— ABOUT THIS TASK —
Return exactly the lines from the one containing "Certified 2022 Cadillac" through the last line of the records below, both included, and leave out any pictures.

------ PROVIDED RECORDS ------

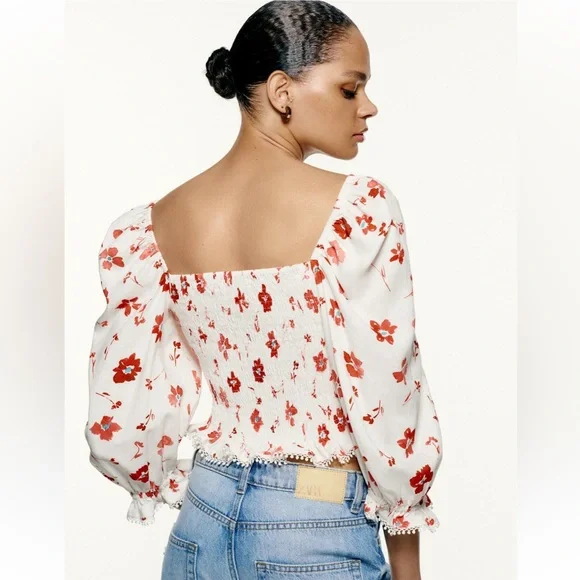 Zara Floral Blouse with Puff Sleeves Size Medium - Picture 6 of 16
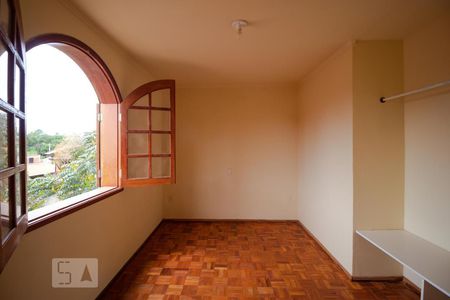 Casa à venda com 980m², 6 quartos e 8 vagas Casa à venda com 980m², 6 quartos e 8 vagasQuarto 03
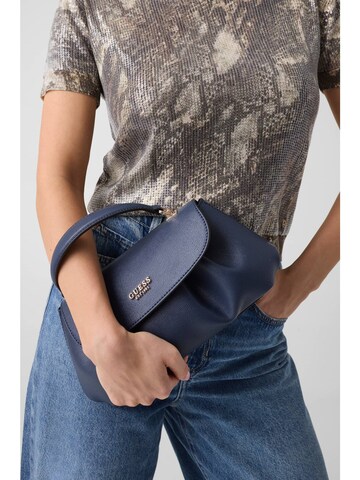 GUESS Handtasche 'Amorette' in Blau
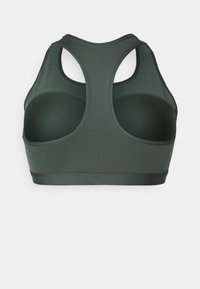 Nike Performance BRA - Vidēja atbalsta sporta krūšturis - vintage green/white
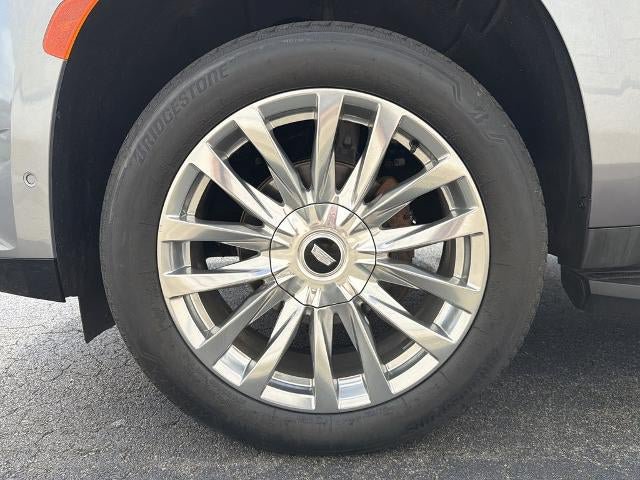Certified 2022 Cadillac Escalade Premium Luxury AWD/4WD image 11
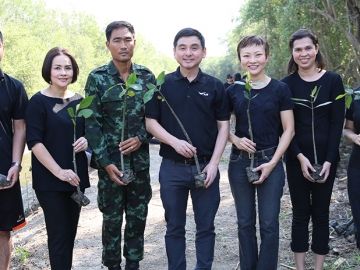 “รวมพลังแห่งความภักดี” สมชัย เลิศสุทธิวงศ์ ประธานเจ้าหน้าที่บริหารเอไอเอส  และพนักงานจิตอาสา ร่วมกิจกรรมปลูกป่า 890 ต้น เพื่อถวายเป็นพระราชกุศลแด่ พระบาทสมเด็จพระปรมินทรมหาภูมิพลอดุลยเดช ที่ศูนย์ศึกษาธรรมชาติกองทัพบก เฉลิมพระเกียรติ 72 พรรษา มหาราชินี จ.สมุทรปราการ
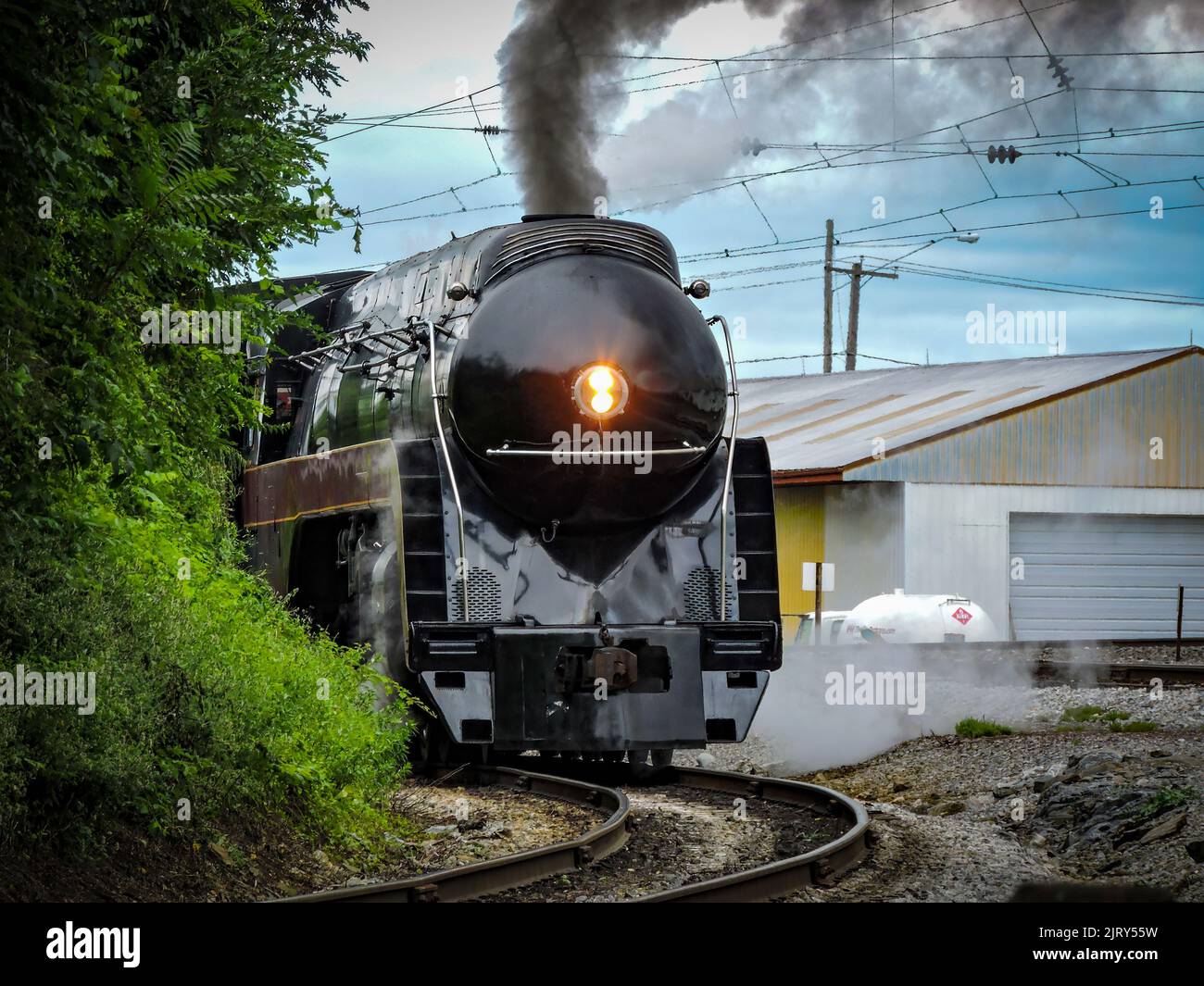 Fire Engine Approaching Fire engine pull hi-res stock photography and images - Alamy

------

— SOLVED EXERCISE —
Certified 2022 Cadillac Escalade Premium Luxury AWD/4WD image 11
 “รวมพลังแห่งความภักดี” สมชัย เลิศสุทธิวงศ์ ประธานเจ้าหน้าที่บริหารเอไอเอส  และพนักงานจิตอาสา ร่วมกิจกรรมปลูกป่า 890 ต้น เพื่อถวายเป็นพระราชกุศลแด่ พระบาทสมเด็จพระปรมินทรมหาภูมิพลอดุลยเดช ที่ศูนย์ศึกษาธรรมชาติกองทัพบก เฉลิมพระเกียรติ 72 พรรษา มหาราชินี จ.สมุทรปราการ
 Fire Engine Approaching Fire engine pull hi-res stock photography and images - Alamy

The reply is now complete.